A spoilt brat comes of age and wakes up to his responsibilities. Such stories have been done to death in films like Lakshya, parts of Dil Chahta hai, Dilwale Dulhaniya Le Jaayenge, Jaane Tu Ya Jaane na, Kabhi Haan Kabhi naa. There are the usual cliches in all such films – the boy has other loser type friends who still manage to do better than him, there is parental conflict, and a girl is usually involved in the waking up process! These films target the youthful audience by showing the young lead and friends clubbing or generally having fun singing and dancing, and of course the outcome is usually very predictable. The brat wakes up and becomes an upright citizen so he can win the love of his lady.
Why then should one watch Wake up Sid? Does it break any new ground, thematically or cinematically? Is it more of the same from Dharma Productions, the usual sanitized pretty locales, lots of glamor and glitz and much choreographed dancing? I caught Wake Up Sid in the second weekend after hearing some of the buzz around the film. The leading man is 27 years and three films old, and I happen to like him quite a bit. What is shocking is that the director is a 25 year old debutant. A search reveals that Ayan Mukherjee was one of the screenplay writers for Swades, a favorite of mine, and has written the story and screenplay of WUS, in addition to directing it. There is the wondrous Konkona Sen Sharma in a lead role and some of the music (particularly Iktara) is divine. So what exactly did Sid serve up?

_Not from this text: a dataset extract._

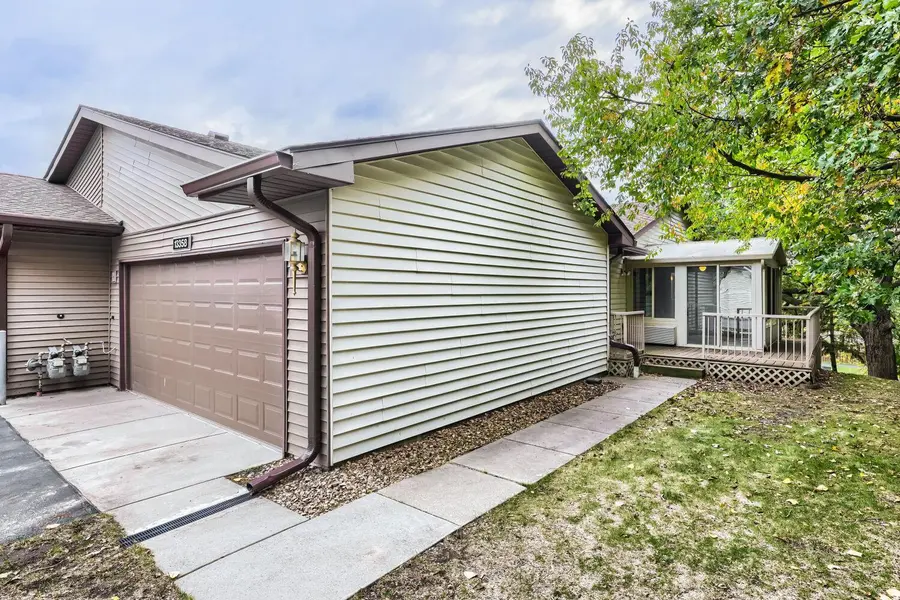 13358 Hughes CT, Apple Valley, MN 55124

Sid took me back to the days when we were growing up, trying hard to stay awake and study after lots of time wasted all day, of constant battles with parents on each and every issue, of the days when one thought one knew way more than the parental units did, when life was aimless and goal-less and FUN, when pranks and practical jokes were daily occurrences, and yet in the end to the days when it was important to succeed at exams JUST to keep up with friends and to save face. If anyone did not grow up doing all this, I can guarantee that they had a sibling who was a “bad seed” and exactly like Sid! Yes Sid was a RICH brat, but every trial and travail one could identify with (except the shopping on Dad’s credit card bit!). A job in Dad’s company was offered but rejected, and a final jab of ridicule at mom was the watershed moment in Sid’s life.
Without much melodrama he was thrown a challenge and decided to leave the comforts of home. The credit card was quietly canceled, and the only place to go was not the bosom buddies who had succeeded where Sid failed, but a new acquaintance who was also new to the city. These were the moments in which WUS began to solidify its place as a good film. There were emotions, but the real way in which interactions were portrayed, and the lack of Ekta Kapoor serial type dramatization of situations, left an impact on this viewer. Anupam Kher had played the Dad umpteen times, but never as effectively with quiet pain and authority as this time around. And Supriya Pathak was the quintessential doting mother, with unquestioning love that only a mother can have. So Sid ended up at the apartment of Aisha, a newbie to Mumbai. he showed her Mumbai and slowly a love, for the city that was once scary and the man who was once an irresponsible boy, developed.
Joseph Campbell once advised people to follow their bliss. In very practical terms I took it to mean that if you do what you really want to do, all else will right itself in your life. So Sid followed his bliss which was best viewed for him through the lens of the camera, and he began to wake up and grow up.
Throughout the film Ayan Mukherjee shows an attention to detail that is incredible. This is a slice of real life, delightful in how evocative it is and how many memories it brings back. Not just the situations but the sets and clothing and above all the youthfulness of the characters is most appropriate. Ranbir was born to play Sid, and his friends are like my college friends. The chubby friend who is constantly beginning a diet is particularly effective. These people have real life fears and desires, and above all they are students who study – not in the what is Pyaar (Archana Puran Singh in KKHH) way, but really, and care about the outcome of their studies, as this is LIFE. Koko has a simple role to play here, that of a self assured girl who is confronted with self doubt at one point. She waltzes through the role with ease and charms us in the process. Rahul Khanna plays the usual loser, but this is a huge improvement on his role in the recent LAK. If I were to pick one point that I did not like in WUS, it would be this character and played by this man.
The film has no lip sync signing (except the obligatory credit roll) and the songs are well placed situationally and do not interrupt the narrative at all. Iktara is divine and well used. The background music (Amit Trivedi?) deserves special mention, and I hope it will be released separately. There are moments that are simply beautiful – Ranbir sticking his head out to capture the first drops of monsoon rain coming down, and we cut to Koko sticking her head out of a taxi to do the same! I think WUS is close to the top among my favorites this year (Gulaal may still be more impactful, even with the messy ending, and there is Kaminey for sheer fun). Ayan Mukherjee makes a wonderful directorial debut and hopefully shows the way to Dharma productions – this is how the modern metro-centric films should be made.